■ TO DO
Two lines mark the range in the entries below: the one holding "CHANEL - BLEU" and the one holding "Rolls-Royce Ghost 2nd Generation". Set down those two and all lines between them, exactly.

■ EXERCISE DATA
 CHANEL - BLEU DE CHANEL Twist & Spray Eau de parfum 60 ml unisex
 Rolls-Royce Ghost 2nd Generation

...

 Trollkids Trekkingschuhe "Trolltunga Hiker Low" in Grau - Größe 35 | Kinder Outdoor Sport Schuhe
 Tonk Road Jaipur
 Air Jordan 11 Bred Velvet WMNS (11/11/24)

■ TASK RESPONSE
 CHANEL - BLEU DE CHANEL Twist & Spray Eau de parfum 60 ml unisex
 Rolls-Royce Ghost 2nd Generation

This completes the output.